PDA

View Full Version : Fast Normalisation



Nitrogen
15-01-2007, 09:55 AM
I'm busy writing my particle engine and it's nearly done but there is one thing I'm hoping to eliminate:

You know when you emit particles all with a random velocity, if you are using normal X,Y,Z coordinates they tend to emit outwards in a cube-like fashion?
Those particles at the corners of this 'cube' have the most extreme X, Y and Z values and so their overall magnitudes are a little higher than the rest... I'm looking for a nice spherical emission pattern...

Now, the one way to solve this is to normalise the velocity vector every time you calculate or change it, and then figure out some magnitude to apply to the vector, which is a bit of a drag.

So can anyone either think up a better way around this problem without changing my data structures? Everything works off X,Y,Z coords, not Direction and Magnitude for instance..

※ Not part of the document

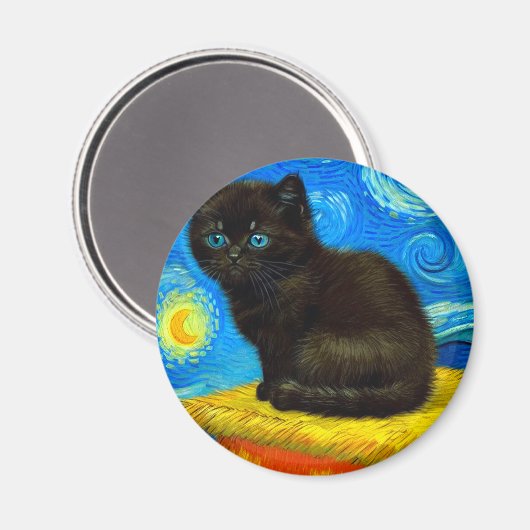 Van Gogh Style Starry Night Cat Magnet (Vorderseite/Rückseite)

Or better yet, think up an insanely fast normalisation algorithm? (I declare the 3rd small-fast-optimisation-competition open!)

dmantione
15-01-2007, 10:25 AM
Well, when normalizing you divide the vector by its length. Instead of calculating the length over and over again, you might cache it. For example, when you scale a normalized vector, you know the size changes by the scale factor. So instead of calculating the length, you simply divide your vector by the scale factor, resulting again in a normalized vector.

JSoftware
15-01-2007, 10:56 AM
type
tvector4f = record
x, y, z, w: single;
end;

function Normalize(vec: tvector4f): tvector4f;
asm
movups xmm0, [vec]
movaps xmm1, xmm0
mulps xmm1, xmm1
movaps xmm2, xmm1
shufps xmm2,xmm2, $39
addss xmm1, xmm2
shufps xmm2,xmm2, $39
addss xmm1, xmm2
sqrtss xmm1, xmm1
shufps xmm1, xmm1, $00
divps xmm0, xmm1
movups [result], xmm0
end;

I cheated with SSE 8)

Setharian
15-01-2007, 07:04 PM
slightly faster probably...

function Normalize(vec: tvector4f): tvector4f;
asm
movups xmm0, [vec]
movaps xmm2, xmm0
mulps xmm0, xmm0
movaps xmm1, xmm0
shufps xmm0, xmm1, $4E
addps xmm0, xmm1
movaps xmm1, xmm0
shufps xmm1, xmm1, $11
addps xmm0, xmm1
rsqrtps xmm0, xmm0
mulps xmm2, xmm0
movups [result], xmm2
end;

Nitrogen
15-01-2007, 07:45 PM
Does it have to be a 4D vector?
What do I have to do to make it work with



type vector = array[0..2] of single;

JSoftware
15-01-2007, 08:01 PM
Hmm good question. I just tried three components and sse seems to be pretty slow with the code above.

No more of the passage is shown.